The housing market and family financial help
Our housing market has been buoyant, with low interest rates. So for good reason, our Federal government in Canada has imposed the “stress test” on mortgage qualification. It’s to ensure that however low and affordable interest rates might seem to be, mortgage borrowers (homeowners) will be able to afford rising rates and won’t end up losing their homes and their life savings, as happened to so many Americans in the post-2008 crash.
This has led to the rise of what are called “alternative lenders” – mortgage funds that represent the pooled investment funds of private investors. Because they are not trying to do all the things that a regular bank does, they don’t need licensing under federal banking legislation and they can lend outside the constraints of the Stress Test. Their market share has been booming.
Along with this trend is another one – the rise in popularity of the “Bank of Mom and Dad”. It’s always been there, but never more studied and recognised than in the current state of the financial and housing markets. Up to half of first home purchases seem to be happening in part with reliance on family financial assistance.
The investment market is watching this. There are trillions in family wealth poised to be passed down and inherited by younger generations as the current elders pass on, the Boomers become the elderly, and Gen’s X, Y, Z, and Millennial become the inheritors.
Long ago in law school, I learned about gifts “inter vivos” – meaning, during the life, not after it – as opposed to gifts that pass under a Will, only after someone has died. Now I’m thinking of how much more satisfying it can be when an elder can gift to their loved ones while they are still alive, and live to see the impact of their legacy. I’m a participant in this from both the consumer and the professional perspective. I’ve both received, and given, family financial assistance to achieve home ownership.
Bank of Mom and Dad to the rescue?
We can look really carefully at what it takes to help the Bank of Mom and Dad be more active in our currently problematic housing market. It helps to start with a good sense of what the elder generation needs.
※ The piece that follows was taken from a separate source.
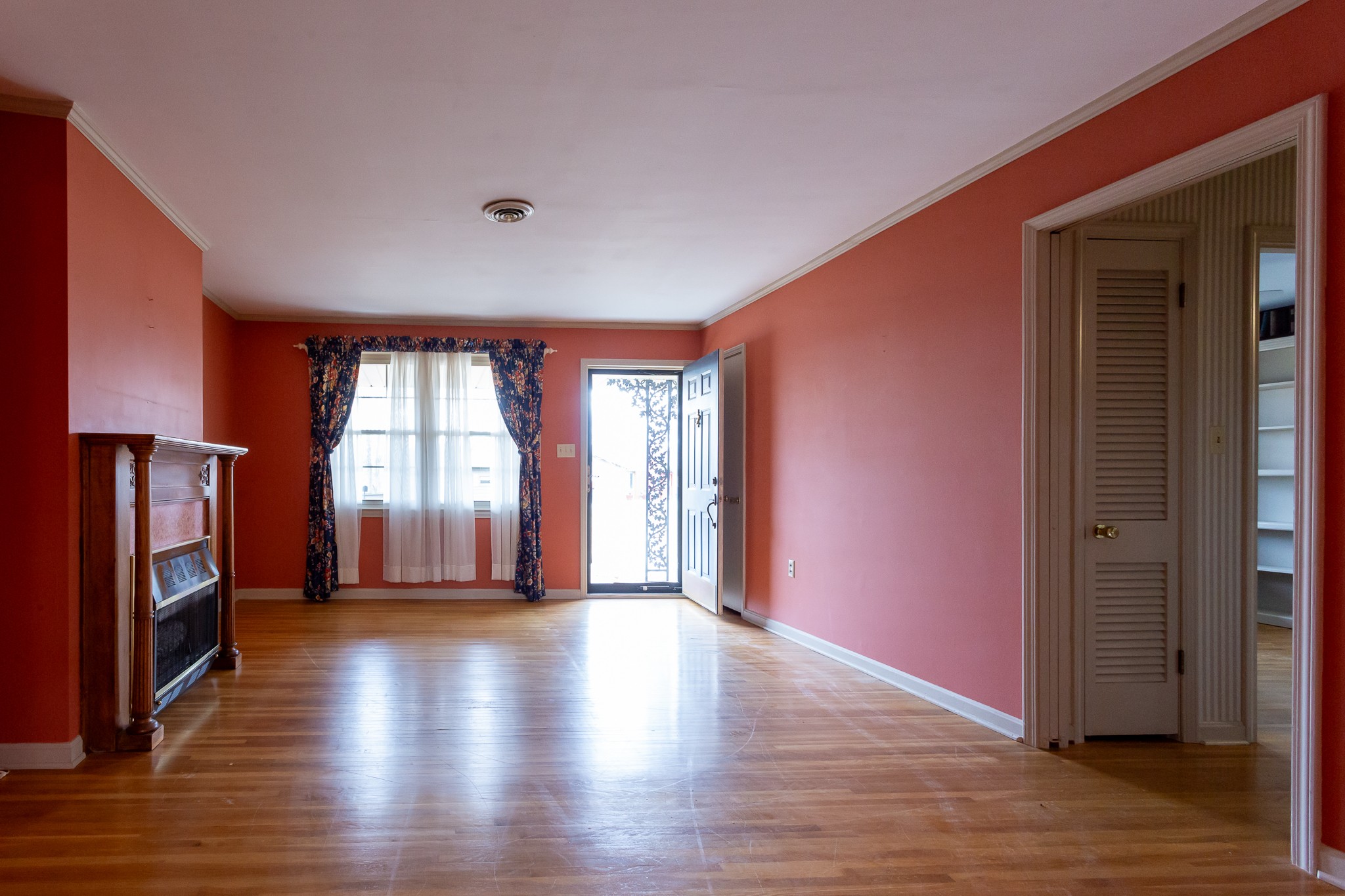 133 Byrd Road Dover, TN 37058 - Photo 2 of 35 a view of an empty room with a window and wooden floor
Whatever stage of life they are in, Mom and Dad first need to cover their own future financial security. This can easily look like a selfish focus – how much freedom and luxury can their retirement savings get them? But slightly deeper thought reveals that it’s almost universal, that those family elders do not want to become a burden on their heirs. That’s at the heart of their concern for financial security, right alongside their personal “bucket list” and visions of luxuries like travel. Whatever they do with their accumulated wealth, they need to be safeguarding their own independent financial security, first.
The next concern is a nice problem to have – what if we stay so healthy that we outlive our savings? That circles back to the issue of our sustainable financial independence. You need to contemplate an optimistic life expectancy, but be ready for whatever curveballs life might throw at you with age. You might need to cover the costs of licensed residential care, and the plague of dementia.
Then there’s the sheer size of families. While the current birth rate is only 1.7 per married couple, it wasn’t always so and a lot of us Boomers have more than 2 kids. We might need to spread our limited capability to give financial support among more than one child.
The single asset with the bulk of the family financial security is usually the principal residence – and our federal government does not tax the value increase. Hence the gain of literally millions for families who own their homes in the most expensive markets. (In another blog I’ll explore how hard-working people should understand the way that most fortunes have been made in part by extracting real estate equity to accumulate other sensible passive investments.)
HELOC – The Home Equity Line of Credit
Say you’re in the mature stage of life and career. Your bank sees that you have a good credit rating, and are secure with ownership of a home that’s now got a mortgage either fully paid off, or paid down to less than 50% of value. With your kids grown and moved out, your monthly expenses are a fraction of what they used to be. This provides “lending room” to a financial institution, who’s raison d’etre is to get money out on loans in situations where it’s really well secured. A Home Equity Line of Credit is in that category (as is a Reverse Mortgage), buoyed by the likelihood that Canadian housing demand always seems to outweigh supply, and the costs of producing more of it keep rising. So housing values rise, too.
However much of an affordability crisis we have in our housing, it’s not really all that bad among those lucky families who have owned their housing over the years, while a rising market steadily added to the non-taxable value gain.
Enter the Bank of Mom and Dad
When the bonds of family love and devotion join the financing techniques that spring from home equity, we might actually have the resources to cover the housing challenges of up to 70% of our younger generations. That’s the percentage of BC’s Boomers who are homeowners. Across Canada, it’s even higher, at 77%.
Maybe it’s time for more home equity holders to step up and invest to create housing opportunities for their younger family members. And it’s time for a financial program that makes it relatively easy, and quite secure, for families to do this for their own loved ones.